(Provided information)

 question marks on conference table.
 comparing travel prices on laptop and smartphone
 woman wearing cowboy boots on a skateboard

(End Provided information)
(Provided information)

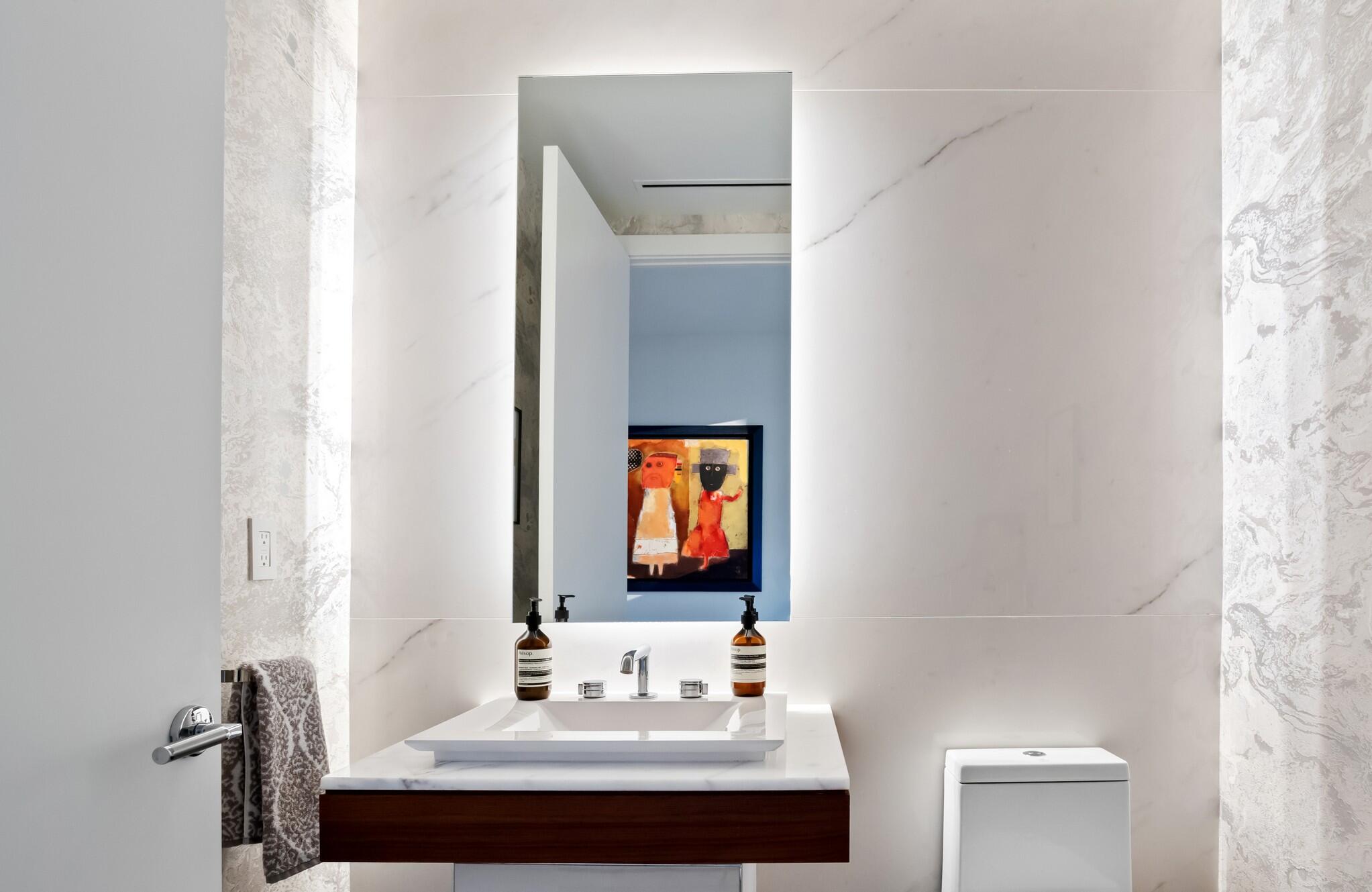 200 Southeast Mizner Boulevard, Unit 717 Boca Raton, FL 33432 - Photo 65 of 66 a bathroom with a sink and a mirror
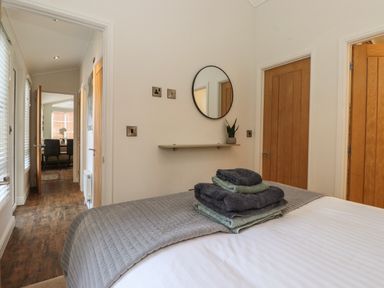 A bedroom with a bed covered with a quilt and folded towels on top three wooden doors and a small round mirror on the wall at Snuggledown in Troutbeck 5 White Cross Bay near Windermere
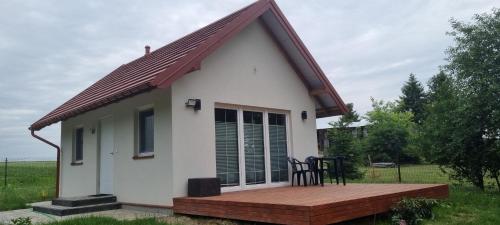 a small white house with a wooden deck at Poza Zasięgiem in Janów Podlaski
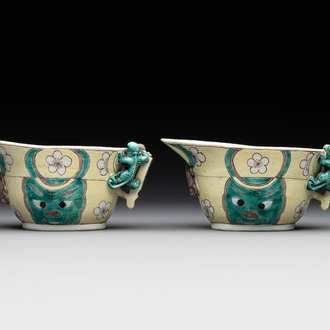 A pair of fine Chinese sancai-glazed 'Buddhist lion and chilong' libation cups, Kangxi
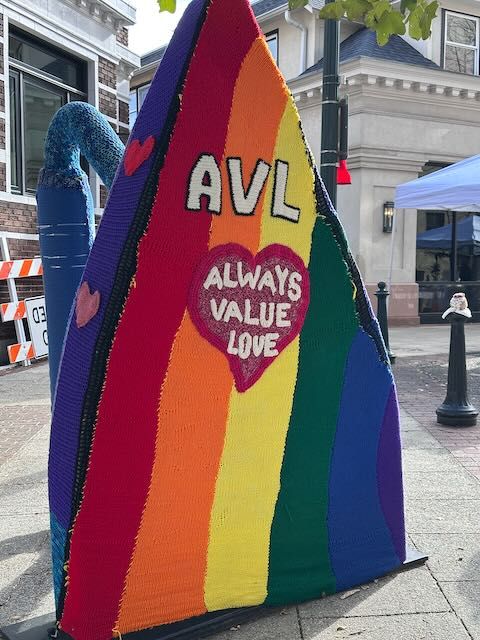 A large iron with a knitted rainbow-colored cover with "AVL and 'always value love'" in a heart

(End Provided information)

■ To do ■
Where the listing above has a line with "question marks on conference table.", start there, and output every line exactly through the line with "woman wearing cowboy boots on a skateboard", which is also included.

■ Result of the exercise ■
 question marks on conference table.
 comparing travel prices on laptop and smartphone
 woman wearing cowboy boots on a skateboard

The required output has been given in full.